If $\vec{a}, \vec{b}, \vec{c}$ are three non-coplanar vectors representing the coterminous edges of a parallelepiped of volume $4$ cubic units,then find the value of $(\vec{a} + \vec{b}) \cdot (\vec{b} \times \vec{c}) + (\vec{b} + \vec{c}) \cdot (\vec{c} \times \vec{a}) + (\vec{c} + \vec{a}) \cdot (\vec{a} \times \vec{b})$.

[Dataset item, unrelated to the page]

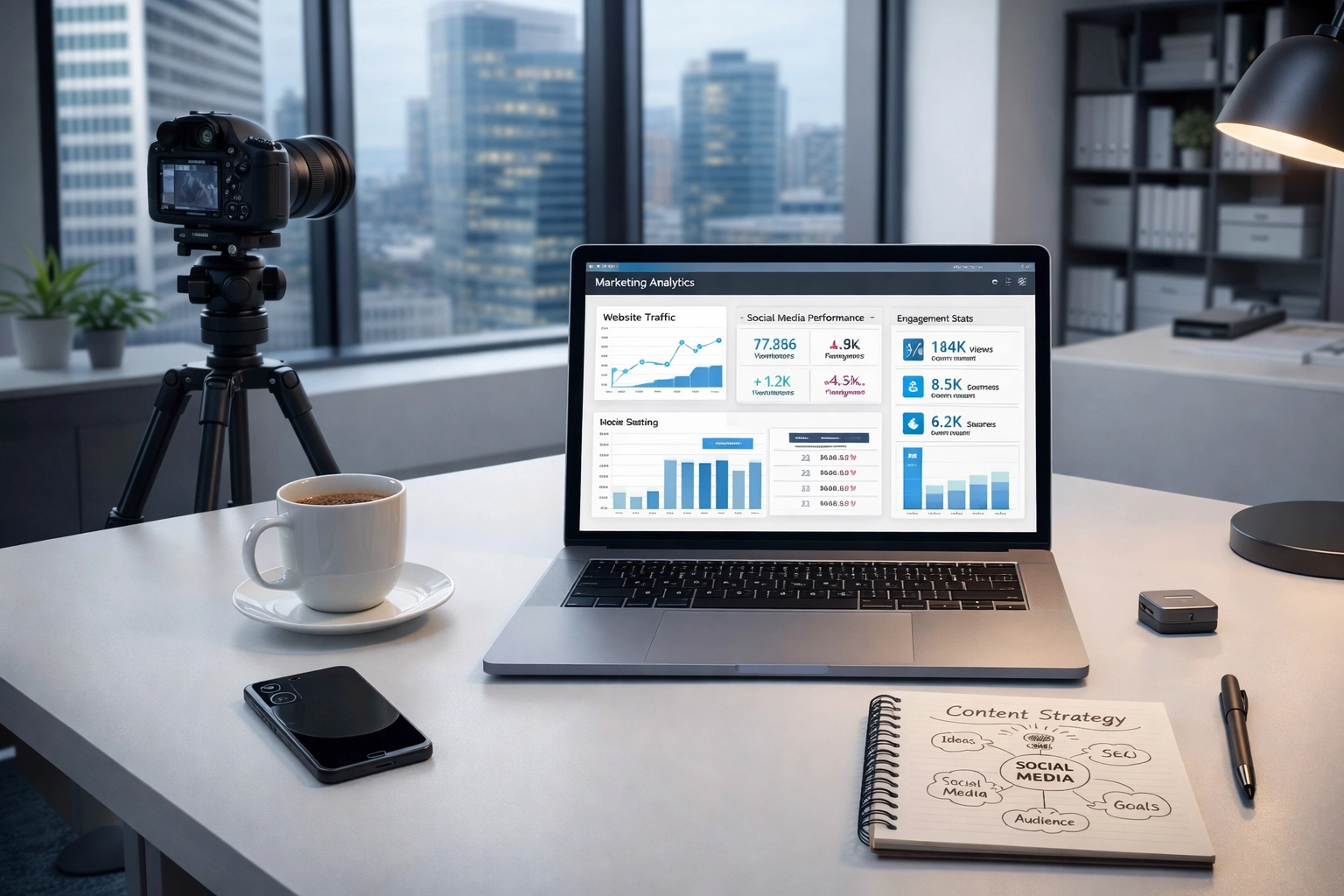 Simon Leung content creation workspace with laptop and marketing analytics dashboard (no faces)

The volume of the parallelepiped determined by the vectors $\vec{a} + \vec{b}, \vec{b} + \vec{c}$ and $\vec{c} + \vec{a}$ is $4$. Then the volume of the parallelepiped determined by the vectors $\vec{a} \times \vec{b}, \vec{b} \times \vec{c}$ and $\vec{c} \times \vec{a}$ is:

If the volume of a tetrahedron whose vertices are $A \equiv (1, -6, 10)$,$B \equiv (-1, -3, 7)$,$C \equiv (5, -1, k)$,and $D \equiv (7, -4, 7)$ is $11$ cubic units,then the value of $k$ is:

If $[\vec{p}-\vec{r}, \vec{q}, \vec{s}] + [\vec{p}+\vec{q}, \vec{r}, \vec{s}] = m[\vec{p}, \vec{r}, \vec{s}] + n[\vec{q}, \vec{r}, \vec{s}] + t[\vec{p}, \vec{q}, \vec{s}]$,then the values of $m$,$n$,$t$ respectively are . . . . . .